For three glorious years, I was a high school teacher. During those years I taught Religious Education to Freshmen and Sophomores at Boston College High School, and I have to admit that, while I genuinely loved my students and am still in touch with a good number of them, there was one type of question that came from them that I couldn’t stand.

Inevitably, I would get it before each test and usually, it had the same foundational reality. It would go something like this: “Mr.  (I wasn’t a priest yet) Rogers, how do we answer the essay question?”

But there was no right or wrong way to answer the questions I posed them.

There were certain guidelines that showed me that a student had engaged the material, had thought about it, and generally understood what it was about. Some essays were, of course, better than others, but much more often than not they were good, honest attempts at answering the question such that the students received passing, and usually very good, grades.

The problem with the aforementioned question, though, was that underneath it was also the implicit question: “Could you please just give us the answer, or tell us what you want to hear so that we’ll get an A?”

It’s not that easy.

As any teacher will tell you, most of what you do when you try to teach is not merely delivering content nor is it pouring facts and figures into the brains of the youth so that they can spit them back. The educational project is rather about helping young people learn how to think and giving them the practical tools that they need to think critically.

It is never ultimately about passing a class, but rather, as most educators worth their salt will tell you, it is about passing at life.

The image of those students, asking for the answers and not willing to struggle with the material is, however, an image that came to mind several weeks ago when I deigned to post on twitter that the debate over Amoris Laetitia had gotten out of hand, and that it is time to accept the document and move on.

The responses that I received pointed to a need for clarity, they demanded that I remove my tweet, and hounded me, many over the course of days, implying that such a lack of clarity was putting souls at risk.

The truth is that Amoris Laetitia is a murky document, it doesn’t give us quick and easy answers to our questions, and even famous footnote 351, which many take to be the place where the Holy Father allows divorced and remarried people to receive communion, is not obviously clear.

Amoris Laetitia is a murky document, and how could it be anything but? It talks about some of the most wonderful and messy experiences of human life, places where things aren’t always immediately apparent, and where most of us are forced to simply do our best, hoping against hope that it is enough.

Pope Francis, having been both a pastor and a teacher before his role as universal teacher and pastor, knew full well what he was doing in writing a document which provides few clear answers while leaving the door open for the faithful to be concerned not so much with the letter of the law, but with the movements of the Spirit, knowing full well that life in the Spirit leads to the living of the law in its fullest, richest sense.

Of course, the problem with such an approach, in the classroom as much as in regular life, is that the obsession with having the correct answer, the need to be right, can often leave one missing the forest for the trees.

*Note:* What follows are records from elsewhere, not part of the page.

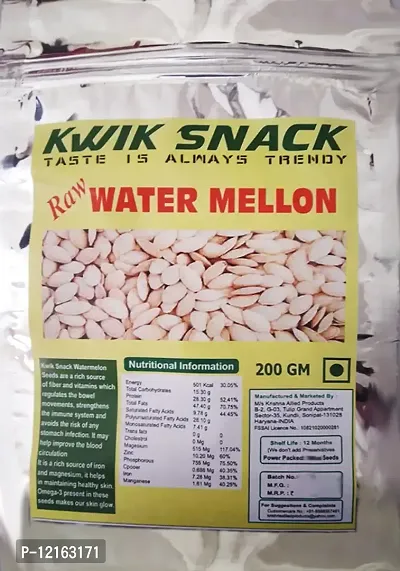 Kwik Snack Watermelon Seeds 200g - High in Protein | Raw Watermelon Seeds for Eating | Magaj Seeds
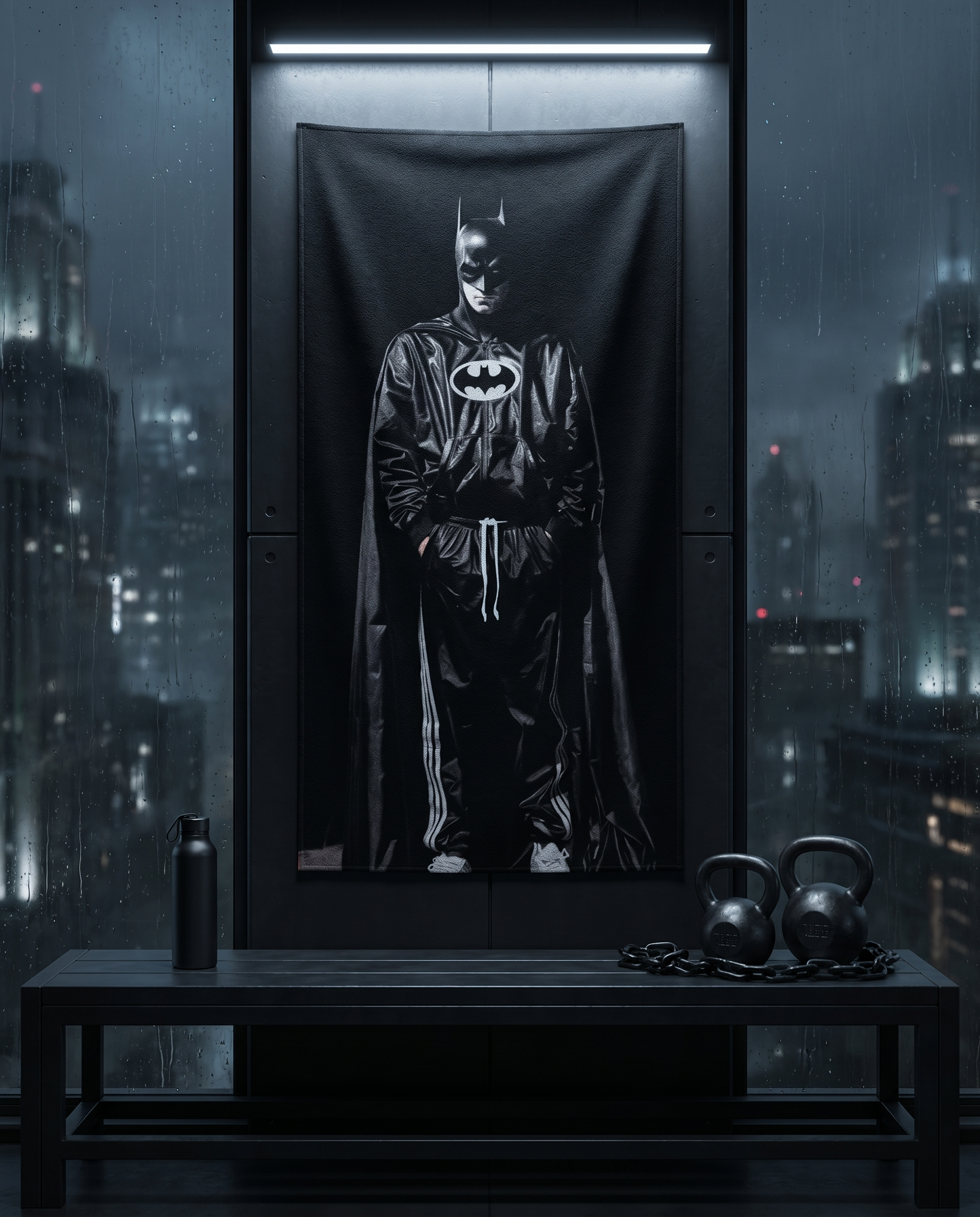 Ninja Antibacterial Microfiber Gym Towel – Batman Edition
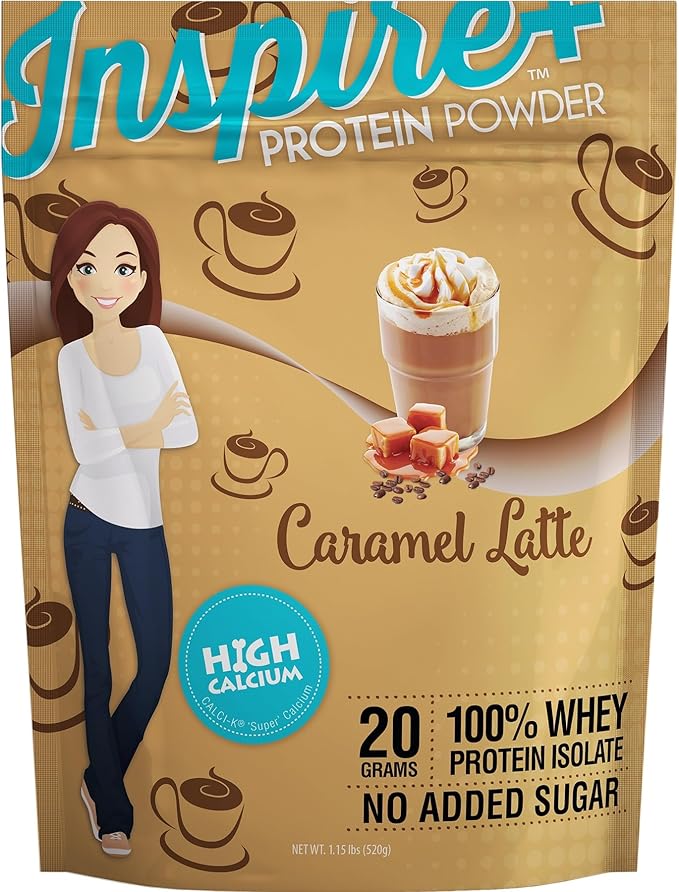 Bariatric Eating Inspire Caramel Latte Sugar-Free 20g Whey Protein Isolate Powder (20 Servings)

The need to be right, or more clever than the teacher, means that those who worry about the famous footnote neglect that the document as a whole attempts to give families the tools that they need to never have to worry about that particular situation.

To paraphrase Cardinal Kevin Farrell in a recent Crux interview, the whole point of the document is to never have to concern oneself with being right about what footnote 351 does or doesn’t provide.

If we spend time focused on one tree, or one footnote, we lose sight of the forest, or the document, which surrounds it.

The goal of education, of teaching, whether it is in the classroom, the pulpit, or in a document like Amoris Laetitia, is not the memorization of rote facts, nor is it hoped that students will merely always be somehow justified because they are “right.”

Rather, the pedagogical enterprise is about imparting the skills and values that allow people to flourish as human beings.

In short, the goal that is missed by so many critics of Amoris Laetitia is to help people be better rather than to be right.